Helping a Teenager Learn to Control Her Anger

Children are known to throw tantrums when they don’t get their way, but the intensity of Mikayla’s meltdowns left her parents and younger sister rattled.

At age 12, when her mother, Cena, insisted she couldn’t have a toy at Target, she exploded into a rage – biting, screaming, making threats, and kicking the back of her mother’s knees. In school, she would launch similar attacks against her classmates and teachers. Her behavior continued to worsen after enrolling in a special needs school, where she was subjected to seclusion and restraint almost daily.

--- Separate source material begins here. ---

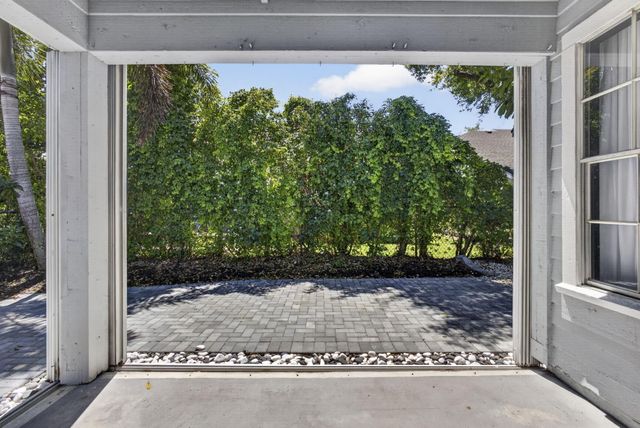 936 Honeytree Lane A, Wellington, FL 33414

“I would get calls every day about Mikayla getting dragged to a ‘quiet room’ after biting or kicking a kid,” says Cena. “I can’t imagine living life thinking, ‘I’m not able to control my anger, and if I lash out I’m going to be secluded and restrained.’ It didn’t help her learn anything.”

At home, things were no better. When Cena asked her daughter to get ready for school, go to bed, or take a shower, it often sparked an aggressive episode. By the time she was 11, she could easily overpower her mother, who is a petite 4’ 11’’.

“I was scared of her,” remembers Cena. “We could not control her.”

The situation reached a breaking point in October 2018, when Mikayla attacked her mother with a butter knife. Cena called the police and pressed charges, hoping to have her daughter placed in a residential treatment center that could provide the therapy she desperately needed.

For the next seven months, Mikayla lived at several behavioral healthcare facilities in Maryland, while her family searched for a long-term residential placement. After being rejected by multiple group homes in her home state due to her aggression, she was accepted at Grafton’s campus in Berryville, Virginia.

Shortly after arriving at Grafton, Mikayla – who was given a co-occurring diagnosis of Autism, generalized anxiety disorder, and intermittent explosive disorder – began making progress for the first time. Her therapist, Naomi Evans, gave her a safe space to talk and taught her how to process her feelings without resorting to violence.

“Mikayla bonded with Naomi instantly. At other treatment facilities, they weren’t trying to give her any solutions or tools. They were just dealing with stuff as it came up,” says Cena, noting that her daughter used to have over 30 aggressive incidents per month, but now has only three or four. The family believes some of her developmental challenges may be linked to a brain bleed she had shortly after her birth, which was nearly 10 weeks premature.

“Other specialists had told us she couldn’t get therapy because she was Autistic and couldn’t understand the concepts. Grafton proved that’s not true at all,” she says.

Mikayla refused to do schoolwork when she first arrived in Berryville, so the teachers and staff worked together to find a solution. They noticed how much she loved listening to music and decided to use it as an incentive. When she completed her assignments, she was rewarded with time to listen to her favorite songs on an MP3 player. The results have been impressive; after one year at Grafton, she is completing 100% of her assignments and is on track to start 9th Grade in the fall.

“Grafton is so individualized. I don’t think a public school would have been able to do that for her,” says Cena. “The care and attention that they give to each kid is incredible – it makes such a huge difference when kids feel like they’re cared about.”

Today, Mikayla is 14 and thriving. To her mother’s delight, Grafton staff was able to take her to Wal-Mart to buy summer clothes without incident. It was the first time she had been in a store in over year, because toys had previously been a major trigger for her. Her attitude towards Cena has also changed completely. She calls often to say, “I love you, Mom” and “I miss you.”

“You can hear the love in her voice. She never used to say, ‘I love you’ before. It’s just wonderful,” says Cena, who no longer fears her daughter and even brought her home for a successful overnight visit.

“Mikayla is a totally different kid and is learning how to use her words. The fact that she is grasping these concepts is phenomenal. Grafton gave that to her.”